_Dataset_
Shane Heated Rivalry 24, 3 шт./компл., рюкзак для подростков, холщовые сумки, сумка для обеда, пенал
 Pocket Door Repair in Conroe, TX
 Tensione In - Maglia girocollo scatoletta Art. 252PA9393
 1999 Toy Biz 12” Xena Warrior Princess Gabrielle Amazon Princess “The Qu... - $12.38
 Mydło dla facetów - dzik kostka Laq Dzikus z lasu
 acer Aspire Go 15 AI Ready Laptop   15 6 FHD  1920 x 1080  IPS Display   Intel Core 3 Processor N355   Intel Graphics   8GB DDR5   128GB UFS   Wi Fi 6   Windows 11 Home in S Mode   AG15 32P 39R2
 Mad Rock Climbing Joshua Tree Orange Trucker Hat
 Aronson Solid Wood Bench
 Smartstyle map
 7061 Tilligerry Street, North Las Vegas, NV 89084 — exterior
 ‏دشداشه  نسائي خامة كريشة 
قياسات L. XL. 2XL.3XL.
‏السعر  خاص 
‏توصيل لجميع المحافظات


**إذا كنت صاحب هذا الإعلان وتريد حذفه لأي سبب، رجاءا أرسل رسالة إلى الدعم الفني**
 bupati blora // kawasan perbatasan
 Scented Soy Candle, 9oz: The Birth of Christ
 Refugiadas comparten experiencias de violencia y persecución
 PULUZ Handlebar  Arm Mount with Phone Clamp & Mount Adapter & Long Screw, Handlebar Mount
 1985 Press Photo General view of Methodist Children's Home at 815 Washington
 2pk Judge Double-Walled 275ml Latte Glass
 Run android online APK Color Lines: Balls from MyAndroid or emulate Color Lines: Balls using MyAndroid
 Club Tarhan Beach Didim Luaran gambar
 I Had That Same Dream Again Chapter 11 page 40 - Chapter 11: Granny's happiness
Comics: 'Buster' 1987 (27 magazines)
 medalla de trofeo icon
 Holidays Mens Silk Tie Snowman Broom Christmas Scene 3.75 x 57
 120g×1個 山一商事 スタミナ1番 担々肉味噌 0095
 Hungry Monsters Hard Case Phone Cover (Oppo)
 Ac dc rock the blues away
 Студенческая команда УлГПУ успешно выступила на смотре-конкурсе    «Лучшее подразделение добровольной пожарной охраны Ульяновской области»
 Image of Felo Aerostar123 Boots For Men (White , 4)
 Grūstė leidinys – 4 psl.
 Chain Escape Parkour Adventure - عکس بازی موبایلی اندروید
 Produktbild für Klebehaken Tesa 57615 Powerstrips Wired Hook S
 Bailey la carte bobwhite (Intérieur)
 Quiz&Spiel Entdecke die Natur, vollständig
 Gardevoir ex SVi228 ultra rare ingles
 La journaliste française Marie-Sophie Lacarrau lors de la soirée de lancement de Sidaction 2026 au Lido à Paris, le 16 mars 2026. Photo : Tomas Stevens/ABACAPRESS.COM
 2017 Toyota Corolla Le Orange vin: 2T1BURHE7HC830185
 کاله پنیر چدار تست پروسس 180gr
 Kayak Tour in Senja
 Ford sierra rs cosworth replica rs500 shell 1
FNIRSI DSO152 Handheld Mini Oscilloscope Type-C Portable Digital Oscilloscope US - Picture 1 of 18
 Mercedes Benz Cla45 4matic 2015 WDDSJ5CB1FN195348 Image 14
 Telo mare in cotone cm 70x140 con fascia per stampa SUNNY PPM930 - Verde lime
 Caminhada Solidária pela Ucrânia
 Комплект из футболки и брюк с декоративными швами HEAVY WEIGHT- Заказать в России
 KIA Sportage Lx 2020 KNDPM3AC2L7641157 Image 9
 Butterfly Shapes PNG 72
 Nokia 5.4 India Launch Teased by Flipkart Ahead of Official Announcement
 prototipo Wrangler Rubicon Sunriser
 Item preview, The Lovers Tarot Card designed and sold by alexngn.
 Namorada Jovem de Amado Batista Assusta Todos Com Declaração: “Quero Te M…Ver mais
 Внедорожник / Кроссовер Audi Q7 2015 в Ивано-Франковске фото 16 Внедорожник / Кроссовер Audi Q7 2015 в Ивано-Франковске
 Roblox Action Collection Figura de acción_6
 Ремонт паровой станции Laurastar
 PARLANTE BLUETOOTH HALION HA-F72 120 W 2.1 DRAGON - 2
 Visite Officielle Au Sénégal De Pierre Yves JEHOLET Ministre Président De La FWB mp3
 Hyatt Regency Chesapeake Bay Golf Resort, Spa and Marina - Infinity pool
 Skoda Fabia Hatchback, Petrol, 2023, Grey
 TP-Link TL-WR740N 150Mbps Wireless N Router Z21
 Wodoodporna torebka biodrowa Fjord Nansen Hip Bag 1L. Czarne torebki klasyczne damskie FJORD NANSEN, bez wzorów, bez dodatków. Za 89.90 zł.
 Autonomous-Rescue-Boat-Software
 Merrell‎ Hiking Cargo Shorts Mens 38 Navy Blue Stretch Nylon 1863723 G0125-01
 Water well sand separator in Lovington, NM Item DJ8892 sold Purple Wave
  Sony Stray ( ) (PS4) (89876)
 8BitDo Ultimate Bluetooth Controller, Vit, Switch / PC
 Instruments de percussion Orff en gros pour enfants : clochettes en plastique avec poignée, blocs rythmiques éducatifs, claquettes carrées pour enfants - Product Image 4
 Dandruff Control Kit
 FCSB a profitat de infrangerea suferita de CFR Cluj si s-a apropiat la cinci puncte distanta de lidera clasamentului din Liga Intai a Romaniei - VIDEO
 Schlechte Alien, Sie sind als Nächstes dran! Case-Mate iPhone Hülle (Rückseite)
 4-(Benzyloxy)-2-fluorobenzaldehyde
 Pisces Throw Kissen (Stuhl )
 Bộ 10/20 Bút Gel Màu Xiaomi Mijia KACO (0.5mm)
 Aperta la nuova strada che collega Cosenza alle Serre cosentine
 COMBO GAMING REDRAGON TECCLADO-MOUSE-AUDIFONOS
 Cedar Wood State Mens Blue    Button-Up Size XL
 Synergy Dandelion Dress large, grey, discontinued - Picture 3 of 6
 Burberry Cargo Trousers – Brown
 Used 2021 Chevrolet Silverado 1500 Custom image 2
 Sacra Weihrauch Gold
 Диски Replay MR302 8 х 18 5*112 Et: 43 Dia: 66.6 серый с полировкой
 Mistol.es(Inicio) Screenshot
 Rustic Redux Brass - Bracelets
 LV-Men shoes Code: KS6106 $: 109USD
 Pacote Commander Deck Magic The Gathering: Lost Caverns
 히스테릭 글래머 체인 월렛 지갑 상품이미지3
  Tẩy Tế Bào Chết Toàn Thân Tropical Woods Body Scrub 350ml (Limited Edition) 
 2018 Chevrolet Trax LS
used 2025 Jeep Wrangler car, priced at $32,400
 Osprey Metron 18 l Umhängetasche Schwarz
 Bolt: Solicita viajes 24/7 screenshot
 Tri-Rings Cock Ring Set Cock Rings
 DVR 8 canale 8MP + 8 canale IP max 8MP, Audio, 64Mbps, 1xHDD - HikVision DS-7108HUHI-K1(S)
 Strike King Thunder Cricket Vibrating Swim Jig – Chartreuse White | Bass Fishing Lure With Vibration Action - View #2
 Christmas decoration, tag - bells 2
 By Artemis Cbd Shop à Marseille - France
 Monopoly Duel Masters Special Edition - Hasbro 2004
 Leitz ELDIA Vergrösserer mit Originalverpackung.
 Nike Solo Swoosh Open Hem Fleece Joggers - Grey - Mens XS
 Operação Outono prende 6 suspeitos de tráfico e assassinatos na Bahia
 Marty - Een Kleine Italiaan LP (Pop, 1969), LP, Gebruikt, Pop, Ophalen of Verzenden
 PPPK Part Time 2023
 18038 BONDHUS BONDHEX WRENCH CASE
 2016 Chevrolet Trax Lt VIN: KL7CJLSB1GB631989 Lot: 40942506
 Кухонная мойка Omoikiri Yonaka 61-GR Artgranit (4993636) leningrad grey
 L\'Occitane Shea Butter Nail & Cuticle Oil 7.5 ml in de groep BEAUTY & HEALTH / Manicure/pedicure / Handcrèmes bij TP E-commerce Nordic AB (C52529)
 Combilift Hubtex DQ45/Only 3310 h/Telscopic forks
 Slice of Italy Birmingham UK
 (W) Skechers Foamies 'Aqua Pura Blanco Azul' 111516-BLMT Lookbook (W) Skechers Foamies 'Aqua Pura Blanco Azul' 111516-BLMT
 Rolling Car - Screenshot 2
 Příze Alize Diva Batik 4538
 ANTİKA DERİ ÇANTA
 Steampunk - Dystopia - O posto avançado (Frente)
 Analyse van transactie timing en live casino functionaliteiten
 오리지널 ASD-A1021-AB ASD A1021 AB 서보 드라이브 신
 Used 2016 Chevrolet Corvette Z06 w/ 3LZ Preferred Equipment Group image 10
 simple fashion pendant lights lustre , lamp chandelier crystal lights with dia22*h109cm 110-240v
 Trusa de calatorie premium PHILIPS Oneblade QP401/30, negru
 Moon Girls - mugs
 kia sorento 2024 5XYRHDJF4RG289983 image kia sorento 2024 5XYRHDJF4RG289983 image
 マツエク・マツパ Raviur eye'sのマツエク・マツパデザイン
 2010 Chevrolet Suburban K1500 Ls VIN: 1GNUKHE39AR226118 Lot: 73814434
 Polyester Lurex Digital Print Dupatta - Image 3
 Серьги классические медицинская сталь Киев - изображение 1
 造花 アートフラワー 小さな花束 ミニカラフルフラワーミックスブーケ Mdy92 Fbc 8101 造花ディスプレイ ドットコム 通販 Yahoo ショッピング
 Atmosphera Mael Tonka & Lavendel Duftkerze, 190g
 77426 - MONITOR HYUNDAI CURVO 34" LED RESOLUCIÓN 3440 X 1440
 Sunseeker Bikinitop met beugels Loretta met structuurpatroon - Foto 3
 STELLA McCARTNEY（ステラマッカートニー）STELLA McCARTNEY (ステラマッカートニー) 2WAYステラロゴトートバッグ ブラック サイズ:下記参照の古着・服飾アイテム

_Work order_
Reproduce the listing word for word from its first line up to and including the line with "Image of Felo". Give no other lines.

_Solution to this task_
Shane Heated Rivalry 24, 3 шт./компл., рюкзак для подростков, холщовые сумки, сумка для обеда, пенал
 Pocket Door Repair in Conroe, TX
 Tensione In - Maglia girocollo scatoletta Art. 252PA9393
 1999 Toy Biz 12” Xena Warrior Princess Gabrielle Amazon Princess “The Qu... - $12.38
 Mydło dla facetów - dzik kostka Laq Dzikus z lasu
 acer Aspire Go 15 AI Ready Laptop   15 6 FHD  1920 x 1080  IPS Display   Intel Core 3 Processor N355   Intel Graphics   8GB DDR5   128GB UFS   Wi Fi 6   Windows 11 Home in S Mode   AG15 32P 39R2
 Mad Rock Climbing Joshua Tree Orange Trucker Hat
 Aronson Solid Wood Bench
 Smartstyle map
 7061 Tilligerry Street, North Las Vegas, NV 89084 — exterior
 ‏دشداشه  نسائي خامة كريشة 
قياسات L. XL. 2XL.3XL.
‏السعر  خاص 
‏توصيل لجميع المحافظات


**إذا كنت صاحب هذا الإعلان وتريد حذفه لأي سبب، رجاءا أرسل رسالة إلى الدعم الفني**
 bupati blora // kawasan perbatasan
 Scented Soy Candle, 9oz: The Birth of Christ
 Refugiadas comparten experiencias de violencia y persecución
 PULUZ Handlebar  Arm Mount with Phone Clamp & Mount Adapter & Long Screw, Handlebar Mount
 1985 Press Photo General view of Methodist Children's Home at 815 Washington
 2pk Judge Double-Walled 275ml Latte Glass
 Run android online APK Color Lines: Balls from MyAndroid or emulate Color Lines: Balls using MyAndroid
 Club Tarhan Beach Didim Luaran gambar
 I Had That Same Dream Again Chapter 11 page 40 - Chapter 11: Granny's happiness
Comics: 'Buster' 1987 (27 magazines)
 medalla de trofeo icon
 Holidays Mens Silk Tie Snowman Broom Christmas Scene 3.75 x 57
 120g×1個 山一商事 スタミナ1番 担々肉味噌 0095
 Hungry Monsters Hard Case Phone Cover (Oppo)
 Ac dc rock the blues away
 Студенческая команда УлГПУ успешно выступила на смотре-конкурсе    «Лучшее подразделение добровольной пожарной охраны Ульяновской области»
 Image of Felo Aerostar123 Boots For Men (White , 4)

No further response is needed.